Study I is part of an international multi-center EGAT intervention project. This study conducted a systematic video coding analysis to investigate the impacts of applying EGAT compared to the non-EGAT condition on dyadic communicative interaction. A total of 12 film clips from six dyads with children/youths aged 4-19 years were included. Studies II-IV are based on EGAT intervention research in the Taiwanese context. Studies II and III investigate the effects of a six-month intervention on participation in computer activities and technology usability. Study II applied a multiple baseline design across individuals in four young children aged three to six years with low eye-control skills. Study III is a case study for a young adult pupil with visual impairments. The intervention consisted of initial training to stakeholders, collaborative team meetings and individual support to facilitate the use of EGAT at home or in educational settings. Study IV employed mixed methods to examine the feasibility of the EGAT intervention with 16 key stakeholders (parents, teachers, and therapists) who supported the children/youths using EGAT in Studies II and III.

The results from Study I demonstrated that the children/youths took more initiative and tended to provide more information when using EGAT to communicate with communication partners. In addition, the partners showed decreased dominance in communication and made fewer requests to direct children’s responding behaviors in the EGAT condition, compared to the non-EGAT condition. Study II showed that four young children increased the diversity of computer activities and the frequency of computer use from baseline to the intervention phase. There was a moderate effect on the increased duration of computer use. Six of eight predefined goals in play, communication and learning were achieved. Their parents’/teachers’ ratings on children’s performance in computer activities supplemented the findings, showing a clinically important change. The case report in Study III showed that the six-month EGAT intervention enhanced the pupil’s participation in leisure, communication, and interactions with peers and led to a positive psychosocial impact. In Study IV, the stakeholders described the EGAT intervention as suitable to increase children’s autonomy and initiations and enhance their understanding of the children’s communication messages, facilitating dyadic interactions. However, they also perceived helping the children to use EGAT as demanding; hence regular team support and ease of adjustment of eye-gaze systems were essential. The needs for more flexible team collaboration, in-service education for professionals, and a loaning program in assistive technology services were identified.
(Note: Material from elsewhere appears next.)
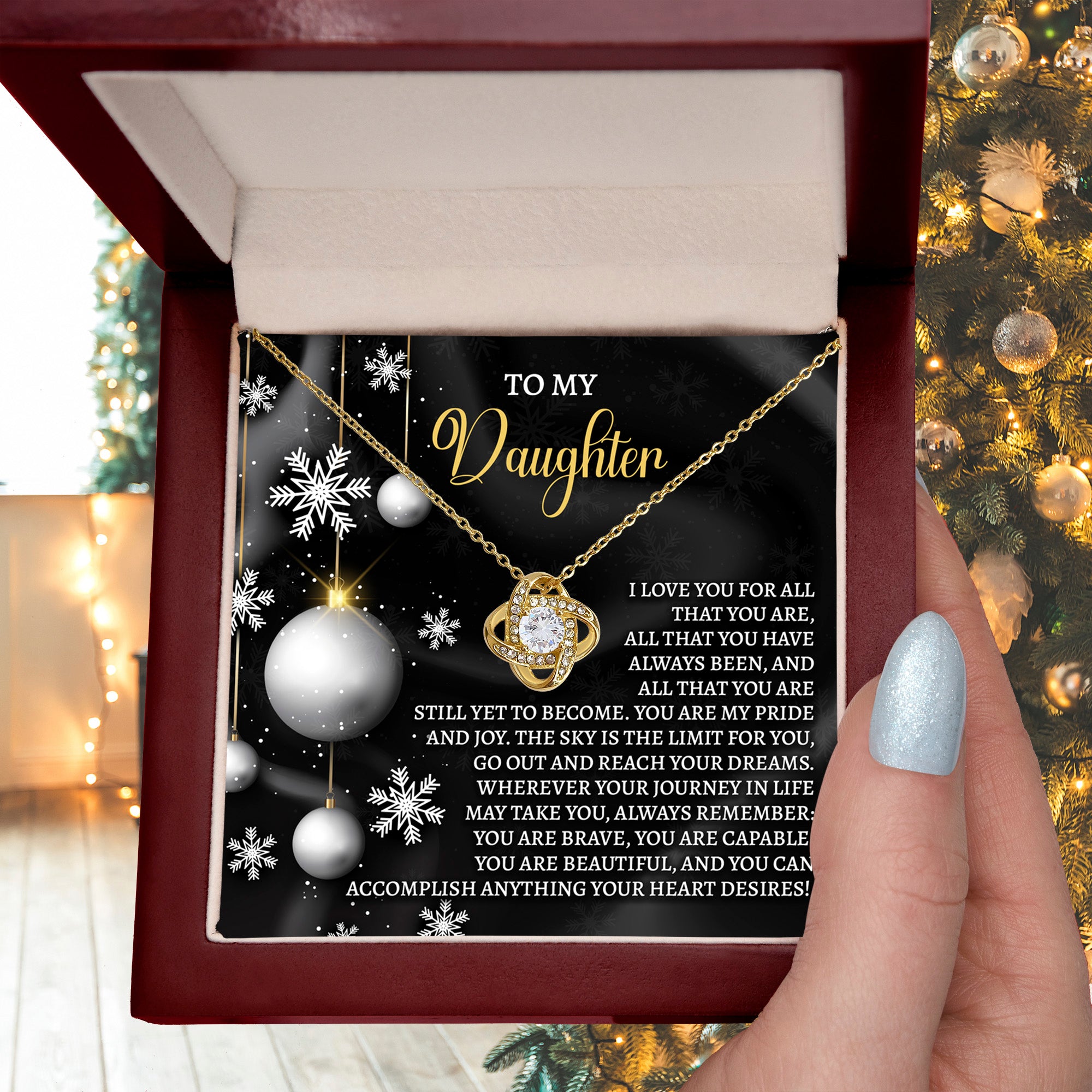 To My Daughter – You Are My Pride and Joy, Reach Your Dreams, Inspirational Christmas Gift Necklace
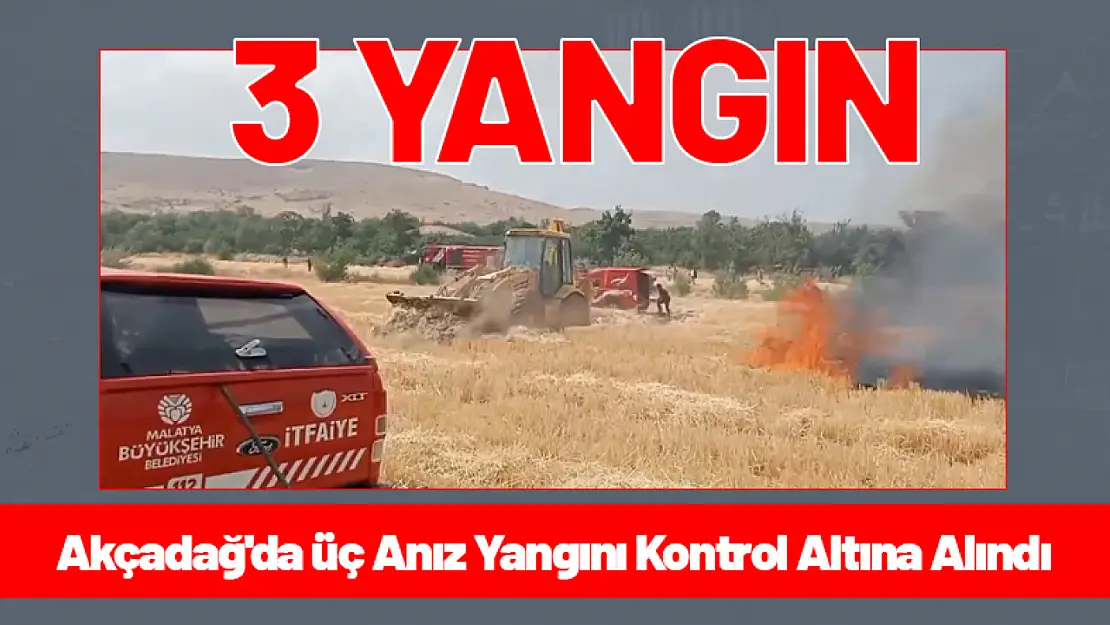 Akçadağ'da üç Anız Yangını Kontrol Altına Alındı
Overall, this thesis indicates that using EGAT could enhance participation in play, communication, and learning for children/youths with severe motor and communication difficulties and low eye control skills. Moreover, it adds knowledge about positive impacts on dyadic communicative interactions, which indicate a transactional process in the intervention. In addition, the advantages and challenges of implementing EGAT based on the Taiwanese context are reported, which provides a crucial reference for future research and practice.